Every now and then in life you hear something that is so impactful that it leads you to want to remember it and to act on it.
This past Sunday, my pastor, Hardie Davis Jr., talked about the Nine Virtues of the Holy Spirit. As he laid them out and then defined them, I realized that there were a few that I needed to work on. I decided to write them down and recite them to remind myself about them.
When I say all things align in the universe, I mean that things in life seem to connect for a reason. At least I feel like that was the case on this day.
After church, I had a session with Dr. Janet (she’s a Positivity life coach doing a study on successful women). In the session she asked me about my character strengths, what I thought they were and how they affected the people around me.
I went blank; after all, one never really thinks about herself in that way. I replied by saying “I really don’t know. I guess I’d have to ask the people in my circle.” Then I asked her as someone who knew me “What do you think they are?”
“Well, Cher,” she said, “as I observe the things that you do and how excited you get when you talk about your work with girls and women, I am reminded of a quote by Mahatma Gandhi; Be the change that you wish to see in the world. I think that resonates with who you are.”
Immediately flattered, I said thank you and told her I would give it more thought and be able to better answer that question for myself at the next session.

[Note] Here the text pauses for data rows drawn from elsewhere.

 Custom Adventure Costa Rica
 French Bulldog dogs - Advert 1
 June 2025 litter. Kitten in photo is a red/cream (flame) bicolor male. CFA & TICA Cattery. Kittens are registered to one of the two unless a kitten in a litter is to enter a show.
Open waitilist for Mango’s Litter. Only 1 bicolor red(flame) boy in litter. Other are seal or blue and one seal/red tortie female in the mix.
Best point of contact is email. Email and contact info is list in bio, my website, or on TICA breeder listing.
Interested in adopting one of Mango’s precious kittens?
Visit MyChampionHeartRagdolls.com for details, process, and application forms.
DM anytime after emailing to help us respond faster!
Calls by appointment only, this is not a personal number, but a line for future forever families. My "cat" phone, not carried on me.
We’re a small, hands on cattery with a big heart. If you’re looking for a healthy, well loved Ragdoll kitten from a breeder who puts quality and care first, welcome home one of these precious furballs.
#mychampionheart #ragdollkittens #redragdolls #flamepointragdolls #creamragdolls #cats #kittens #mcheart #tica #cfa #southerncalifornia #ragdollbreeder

After getting off the phone, I picked up the notes I had written from church and read them aloud: “Walking in the Holy Spirit involves moment-by-moment sensitivity. There are nine virtues … 1. Love – for those that do not love you in return; 2. Joy – in the midst of painful circumstances; 3. Peace – when something you were counting on doesn’t come through; 4. Patience – when things are not going fast enough for you; 5. Kindness – toward those who treat you unkindly; 6. Goodness – toward those who have been intentionally insensitive to you; 7. Faithfulness – when friends have proven unfaithful; 8. Gentleness – toward those that have handled you roughly; 9. Self Control – in the midst of intense temptation.”
I thought it rather interesting that the virtues that I needed to work on and the character observation that I had been complimented with all centered on growth and change. Even more interesting was the fact that I had gotten a double dose of practically the same message.
I think in the end all that I can do is try to be as good a me as possible and to strive toward living a purpose-filled life. Certainly Mahatma Gandhi would be ok with that … and if he wasn’t, perhaps he needs to revisit virtue No. 7.